A second-hand barbecue grill and a small stove for boiling water were placed next to the Yurt as a minimalistic kitchen. Meanwhile, they used a generator, two solar panels, and a large battery to provide electricity for day-to-day living.
It’s hard enough to take care of newborn twins and a three-year-old. This kind of lifestyle makes parenting an entirely new type of challenge.
Inflation soared the cost of fuel, so running generators exceeded the family’s budget limits. The twins and a three-year-old required enough hot water to keep their bodies clean and supply their dietary needs. Allegra needed a normal kitchen for cooking, her own nutritional needs to supply breast milk, and sustenance for the entire family. These are all urgent livelihood issues that need to be solved immediately.

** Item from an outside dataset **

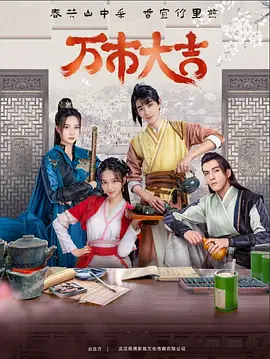 鄞州区网站关键词优化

Home is Where the Heart is
Tzu Chi volunteers in Silicon Valley continued to care for Last Chance in any way they could.
“We feel that this case needs us to make it the highest priority,” said volunteer Eric Chuang. Eric has been working together with other volunteers to deliver urgent supplies to Geoffery’s family.
On a Sunday morning in June, Geoffery received a water heater, large batteries, and four large solar panels personally delivered by Tzu Chi volunteers.
Aside from the Kellers, Tzu Chi has opened a total of six follow-up cases in Last Chance. Volunteer Emily Polivka found that each family has different challenges and the team works to find individual solutions for each. Emily is passionate about communicating and coordinating with both internal and external resources to get the job done.
Rising From the Ashes
In the early summer of 2022, on the charred wood in the mountains of Last Chance, patches of greenery could already be seen. Allegra held the twins, who had just woken up in her arms, to greet visiting Tzu Chi volunteers warmly. Geoffery and his three-year-old son was happily talking about the existing temporary lumbering work and future plans in the lush greenery.
The despair that was in the eyes of the three-year-old son had gradually faded away. In the summer mist and breeze, vigorous vitality floats in the mountains and forests, accompanying every Last Chance family that was starting all over again.